Do we count the high fail rate of DSROs in the cost per license? If you calculate just the cost of a single failure, it would be undefined. Try dividing anything by zero and you will get similar results.
This actually brings us back to NukeLDO's original question. Time to recoup the training investment? If you spend X dollars on an instant SRO and he/she fails out after 18 months, then your training costs remains unchanged (the SROI and instructors still got paid). However, you'll never recoup the "investment". In other words, you went to Vegas and came home empty handed. That is certainly not an "undefined" number to an accountant.
So, when does a utility consider the SRO's ILT program to be paid off? Perhaps the first time he successfully navigates a problem and keeps the breaker shut. Maybe after three years? When does the SRO incur more liability for the company? Inadvertent plant trip perhaps? (How much does THAT cost a utility?!)

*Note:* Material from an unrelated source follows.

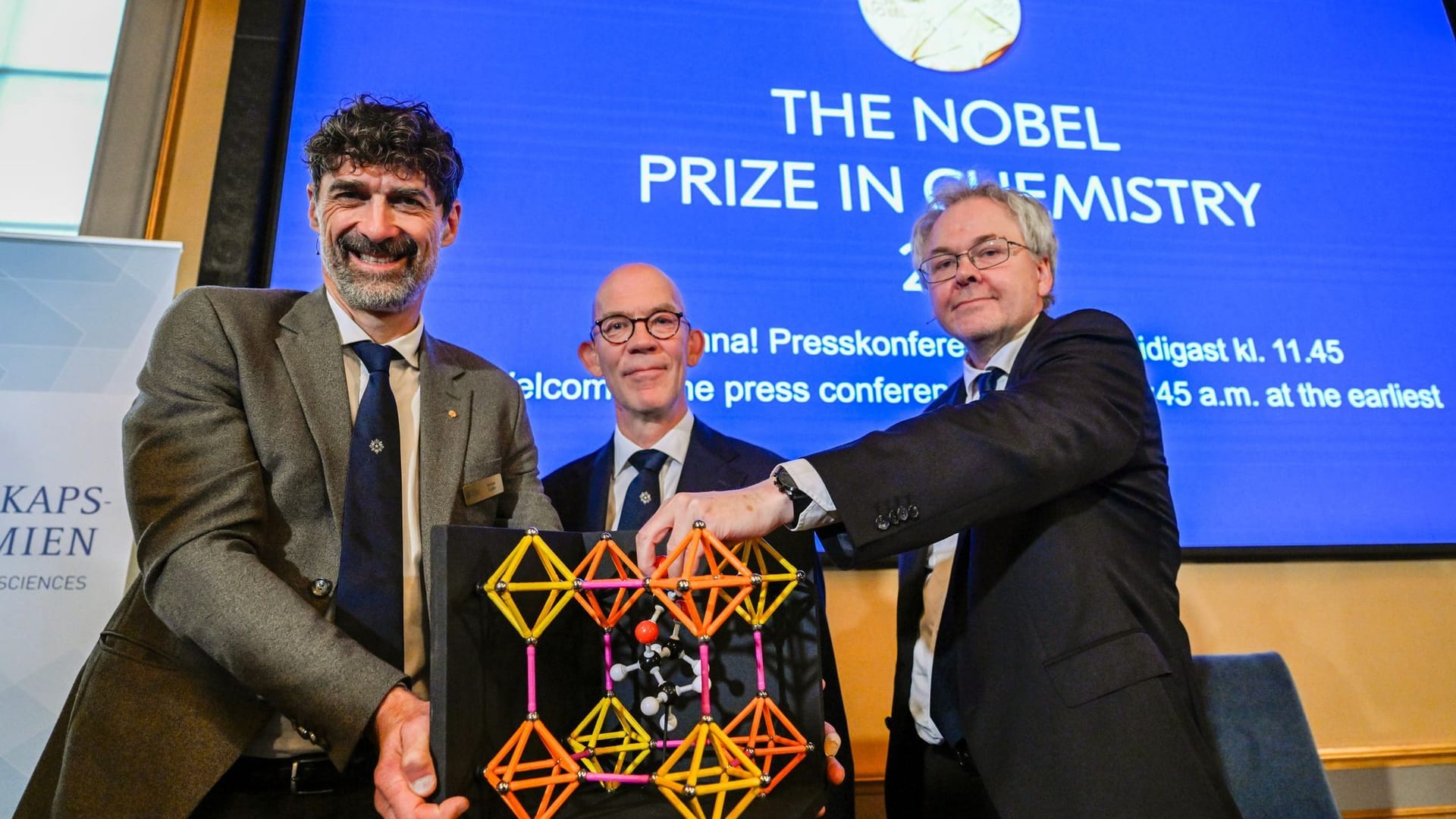 Die drei Träger des Chemie-Nobelpreises 2025
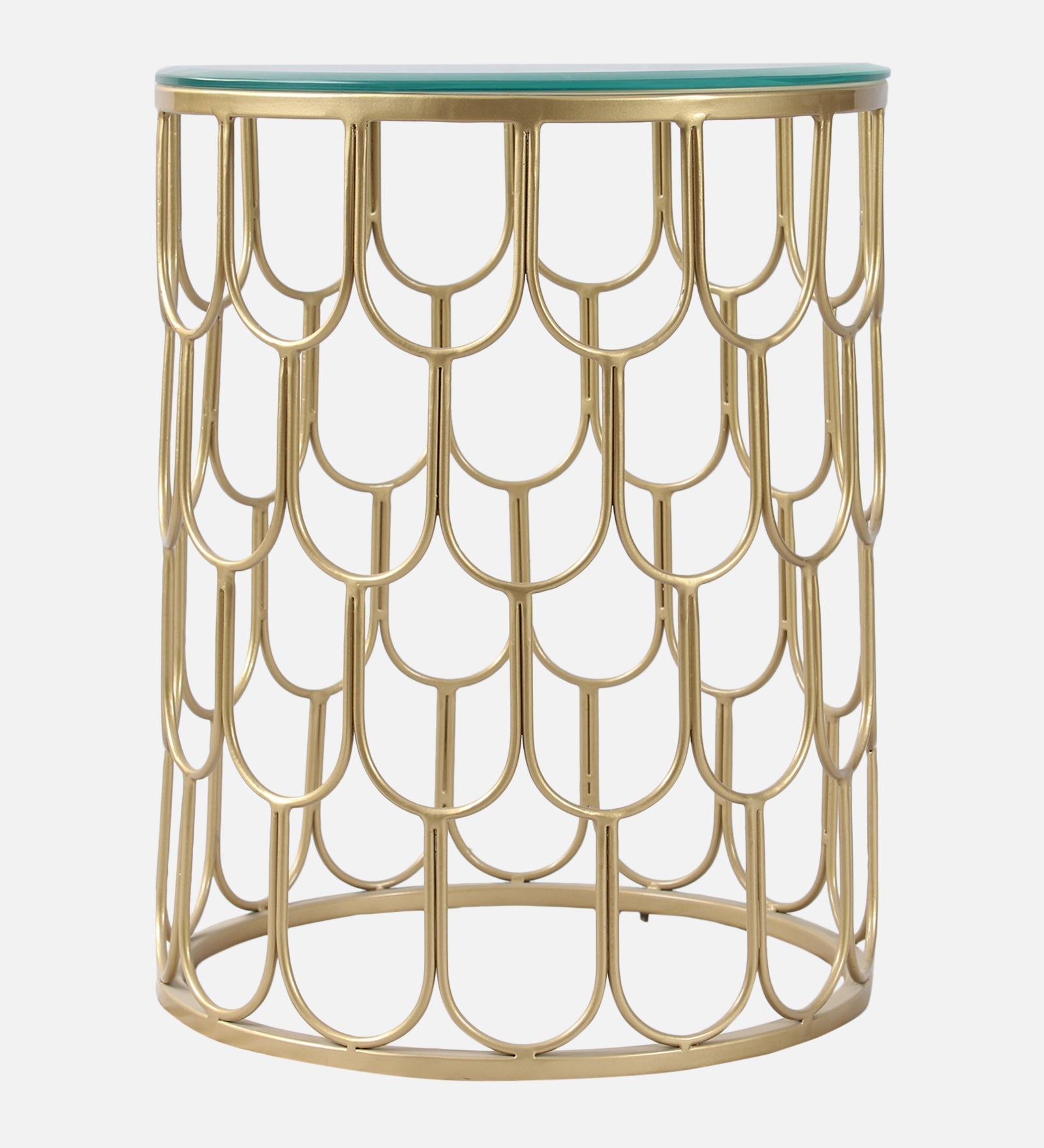 Serenity Clear Glass Side Table In Gold Finish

Some utilities provide a retention bonus for Licensed Operators. For example, stay on board for five years and after 60 months you get $50K (in addition to licensing bonus, performance bonus, etc). That implies, much like the NNPP bonus structure that it's easier to write a check for $50K and keep someone than it is to spend [insert the six figure number guess here] and start over.
In the end, Utilities are not losing any money...or they wouldn't do it.